We have discussed how to implement type checking for object-oriented languages, by viewing objects as records containing data fields and methods. We now look at how objects are represented in memory, and how method calls are implemented while supporting inheritance and overriding (late binding).
A class defines a namespace that maps names of fields and methods to corresponding information about them, such as their types and implementations. As discussed earlier, this means classes are a module mechanism, and when building a compiler for a language with modules, it makes sense for the compiler to build a symbol table for each class so that names can be resolved efficiently.

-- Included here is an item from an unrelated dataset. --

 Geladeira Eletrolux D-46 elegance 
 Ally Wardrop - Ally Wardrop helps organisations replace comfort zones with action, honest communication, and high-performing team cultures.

Fields and methods typically come with visibility annotations that describe which parts of the code are allowed to see each such component. Implementing visibility correctly can be challenging in languages with nested classes.
Since objects are essentially souped-up versions of records (C: structs), it is useful to first consider how to implement records. In most languages, the order and size of the fields in a record is fixed and known, so that the record can be laid out sequentially in memory, and location of each field is at a fixed offset from the start of the record in memory.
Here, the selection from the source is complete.